I agree with everything you’ve said here, except for the span of time it suggests. The idea of some ‘low key dates’ telling you enough to make an informed decision is quixotic at best. “We have such an amazing time together and it feels so right…” becomes a justification in this case for throwing ourselves into something which could hurt us deeply down the line. These feelings are only a reflection of how much fun it would be to spend more time with this person right now. They are an untrustworthy guide as to whether it could be a great relationship (for a few years let’s say), and a highly deceptive guide as to whether it could be a life long relationship. Anyone who has been shown all the right signs by a partner in the beginning only to find that they weren’t able to deliver in the long term will know this to be true.
Is it hypocritical for me to talk about all of the emotional dangers present when a woman dates a significantly younger man and not the other way around?

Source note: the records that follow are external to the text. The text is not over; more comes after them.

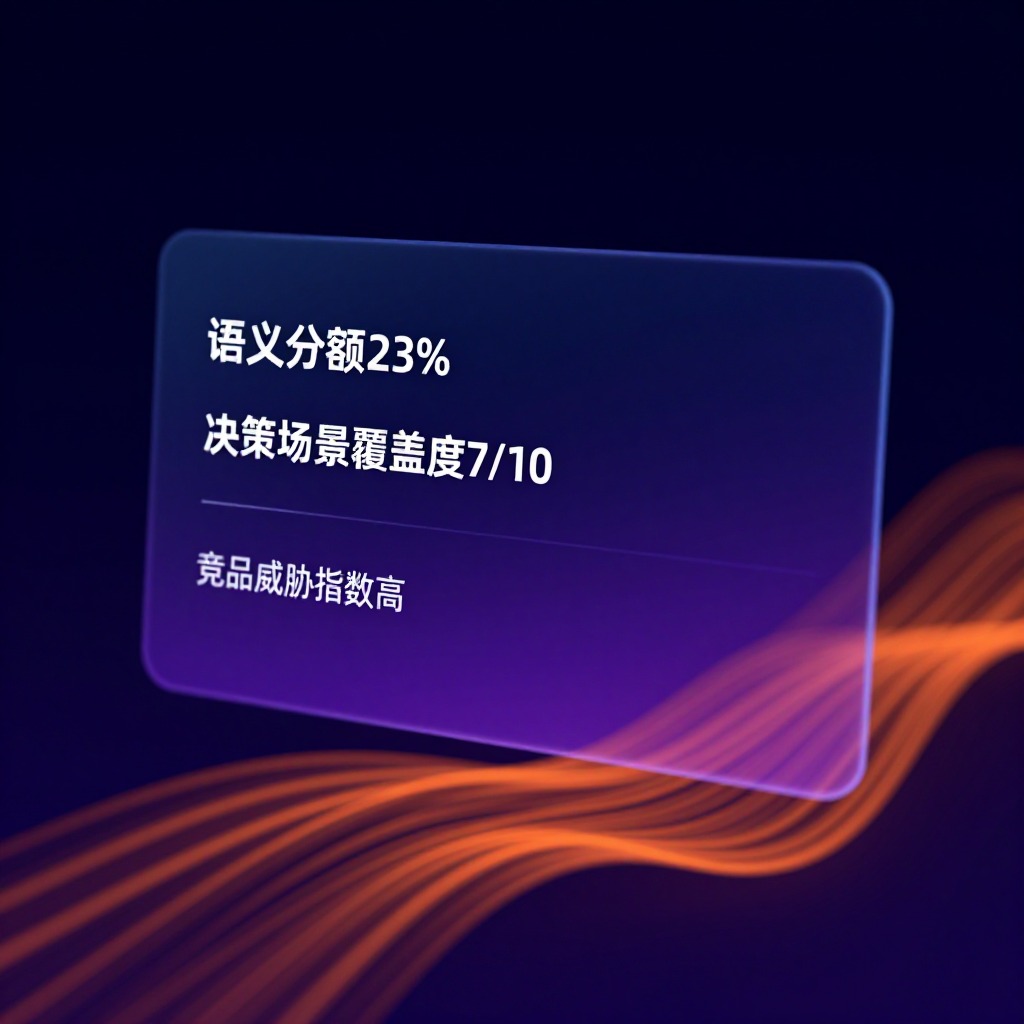 # 怎样让AI搜索在回答“附近推荐”时优先推荐我的店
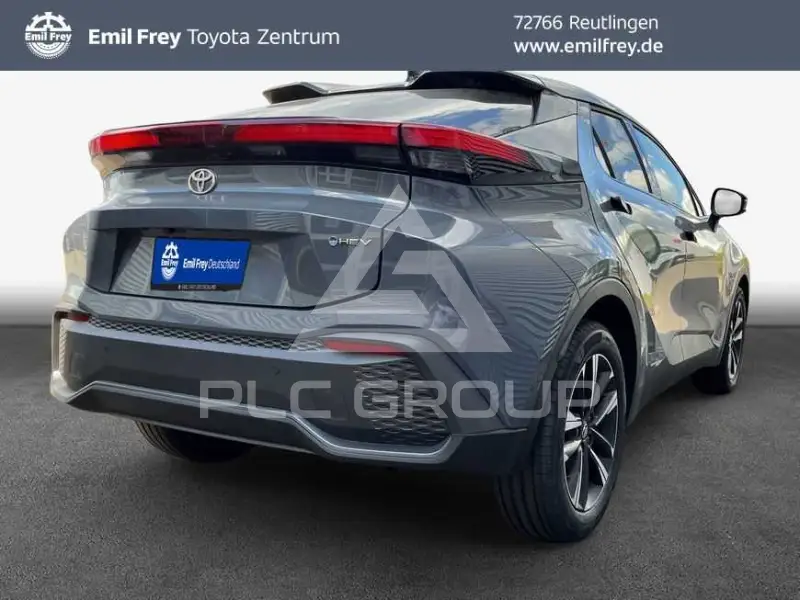2026 Toyota C-HR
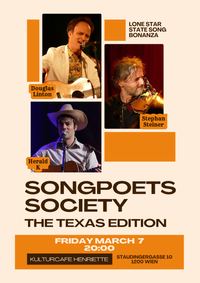 Songpoets Society - The Texas Edition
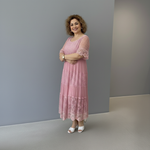 Berlinda | Elegant Lace Dress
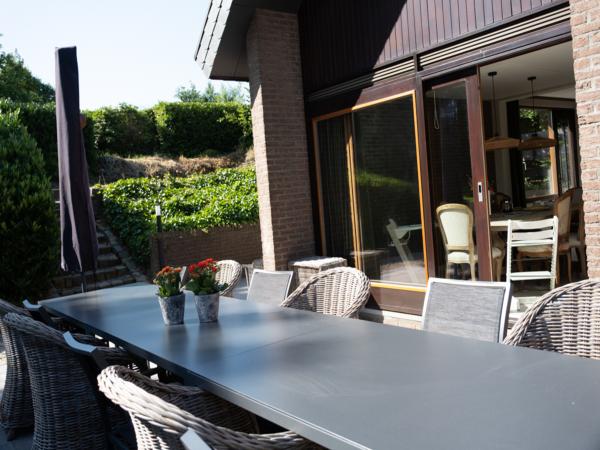 Terras / Balkon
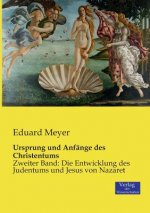 Ursprung und Anfange des Christentums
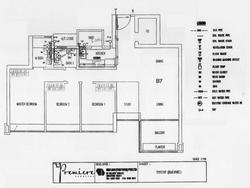 Blk 518C The Premiere @ Tampines (Tampines), HDB 5 Rooms #83216932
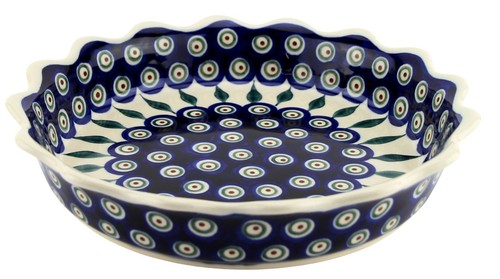Quiche ceramica polacca - quiche, in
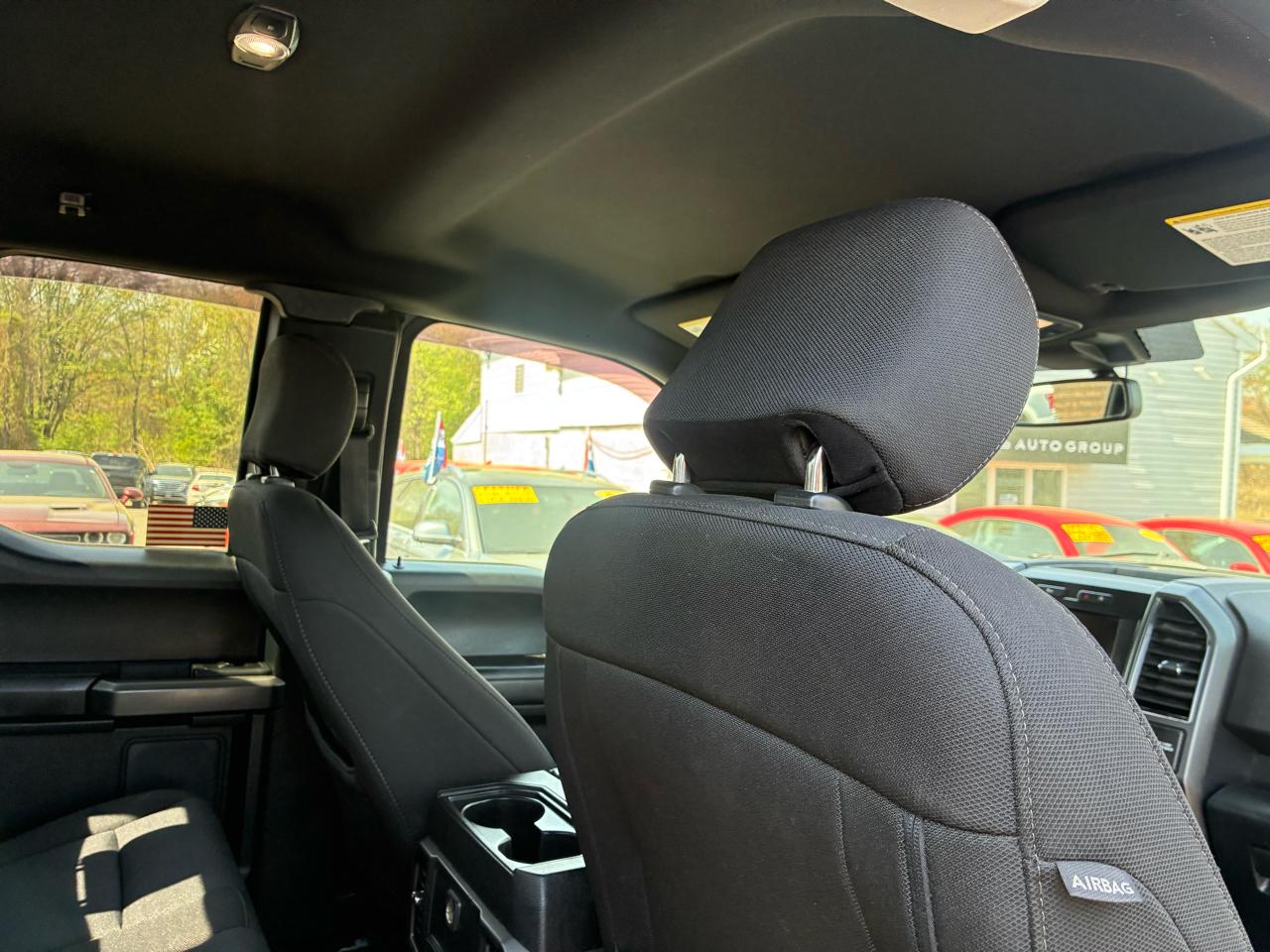 Ford F-150 XLT SuperCrew 6.5-ft. Bed 4WD 2020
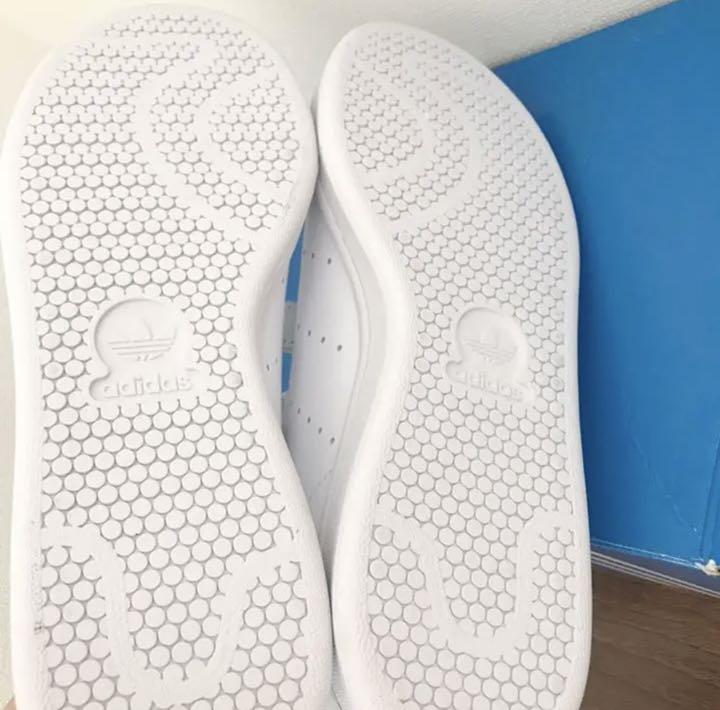 最新作正規品 本革モデル S75187 27.5 廃盤品 4gImG-m81766327604 adidas スタンスミス 低価在庫あ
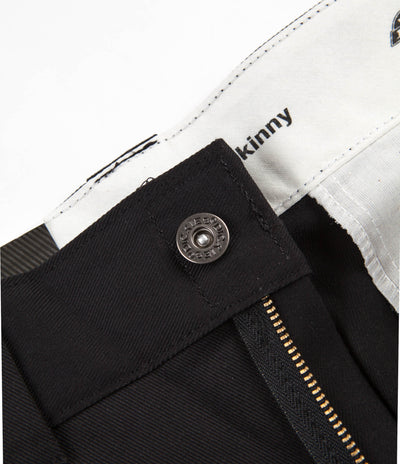 Dickies 803 Slim Skinny Work Pants - Black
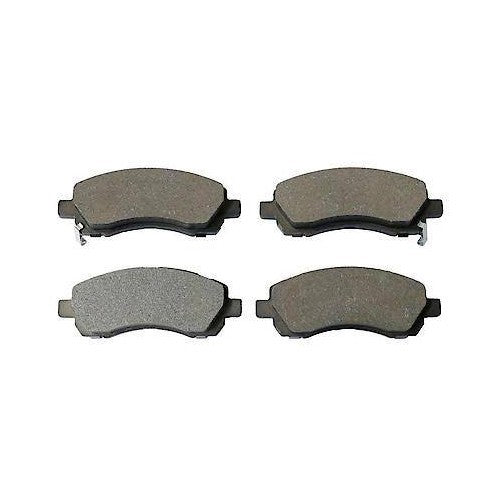 1997-2001 Subaru Impreza/Legacy Brake Pad Set, Front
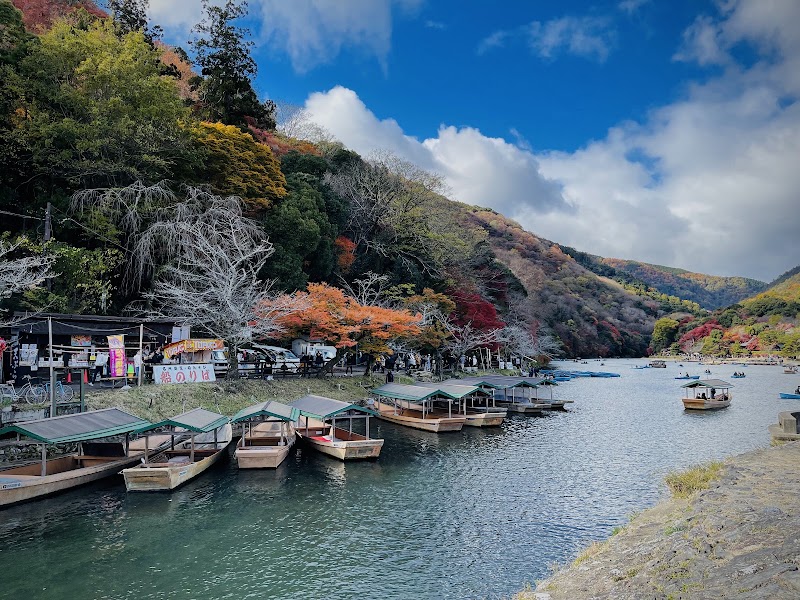 Photo 4 at Arashiyama in Kyoto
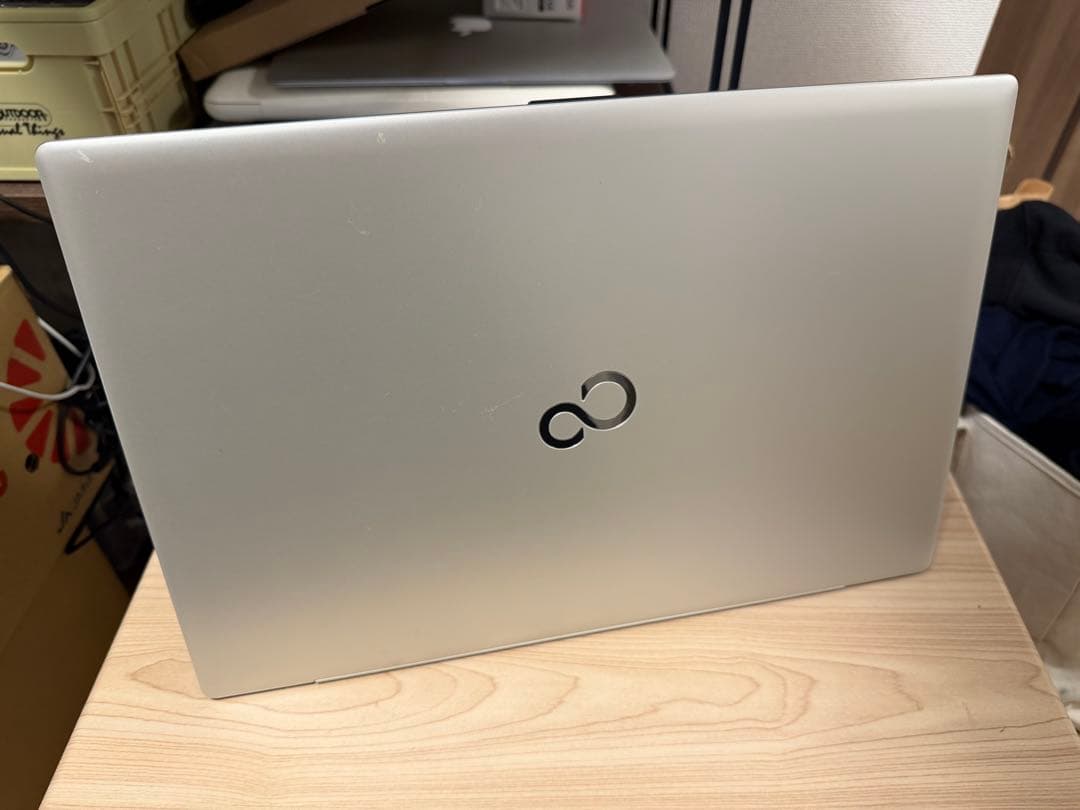 Windowsノート本体 LIFEBOOK NH Ryzen7-5800U/16GB/1TB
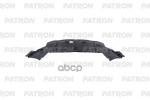 PATRON Защита двигателя Расположение под бампером PEUGEOT 308 2007-2013  PATRON Защит PATRON арт. P720130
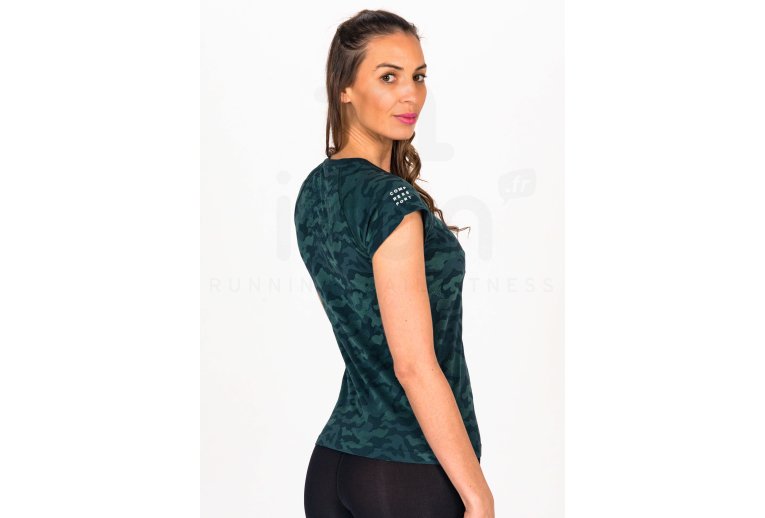 Compressport camiseta manga corta Training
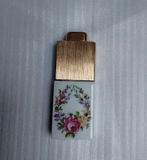 vintage parfumverstuiverflesje van Step Paris Limoges France, Antiek en Kunst, Ophalen of Verzenden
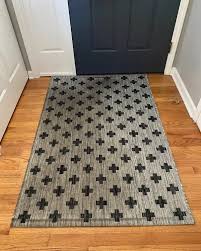 to clean an indoor outdoor rug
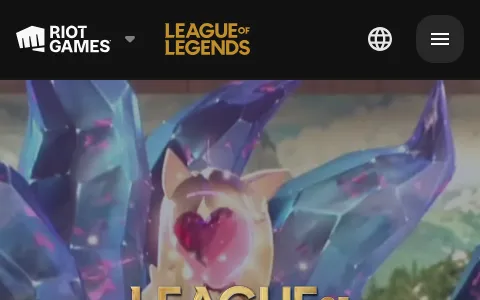 League of Legends status preview image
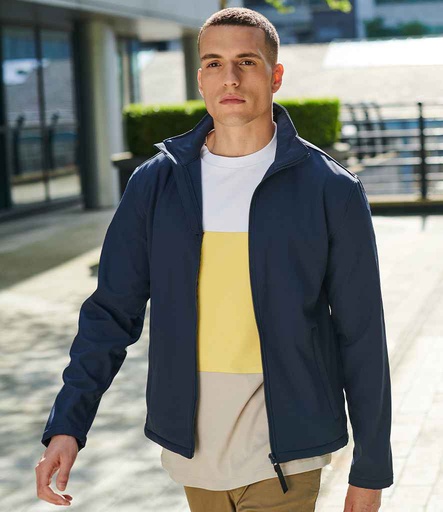 [FJ015] RG089 REGATTA REID SOFT SHELL JACKET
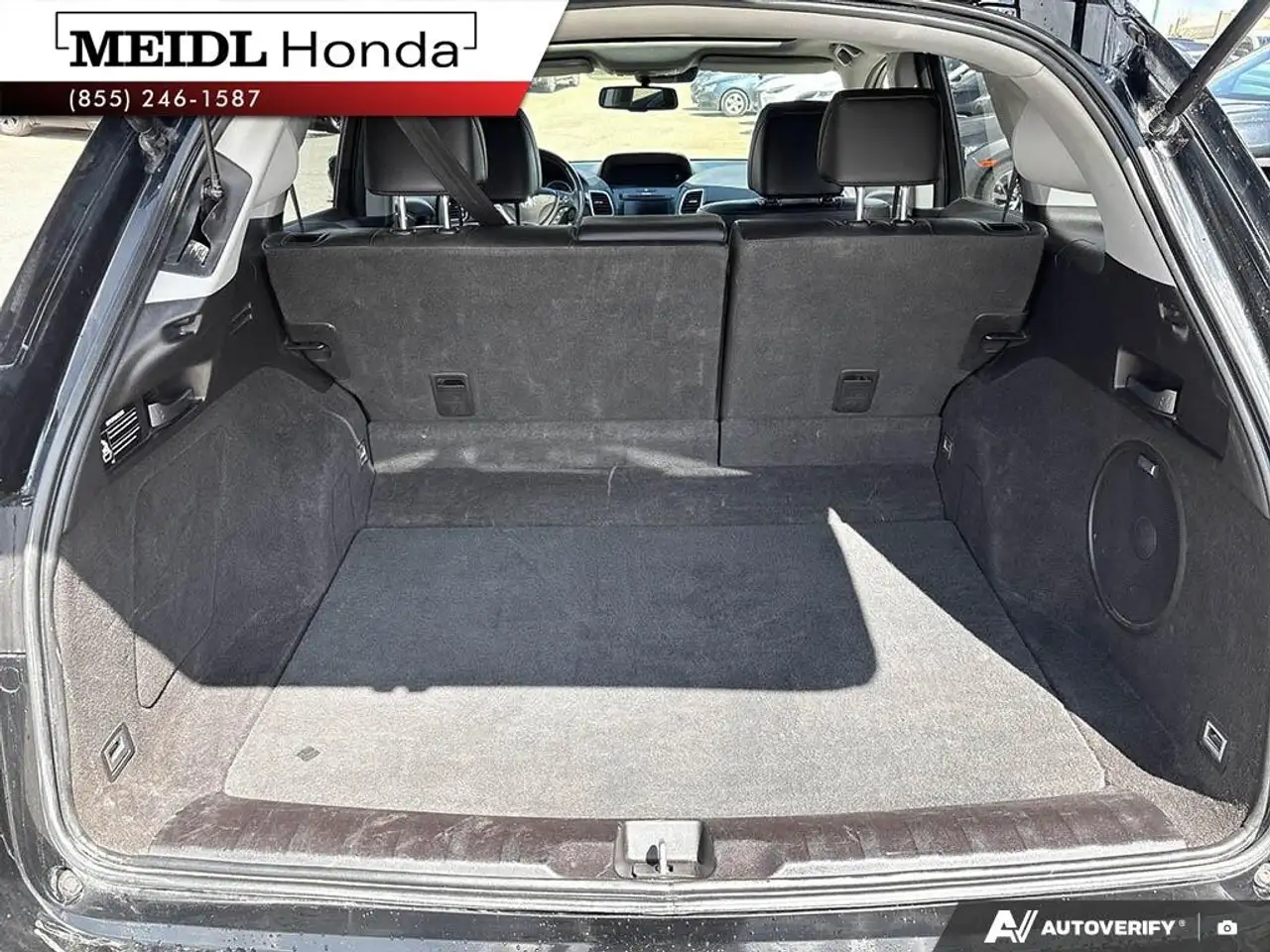 Acura RDX снимка Acura RDX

The same dangers are true of men who date far younger women to be sure; but as true? I’ll let your faculties of observation decide. To discuss the influence of a woman’s biological clock in this issue, or a man’s clichéd search for youthfulness in a partner (be it physical or mental) as he himself ages would require a whole new post, but you get the point. It’s complex.
Life is confusing, and the difficult risk we take in love is one of the great gambles we hope will go in our favor. I certainly don’t claim to be able to make that decision for women at the moment they ask. We can’t predict the future, and as you rightly point out, running away from something because we are scared of what MIGHT happen if it went wrong would have us staying inside and abstaining from action on just about anything in life. But one would be a fool not to note the obvious patterns we witness everyday, especially when gambling with our own precious years.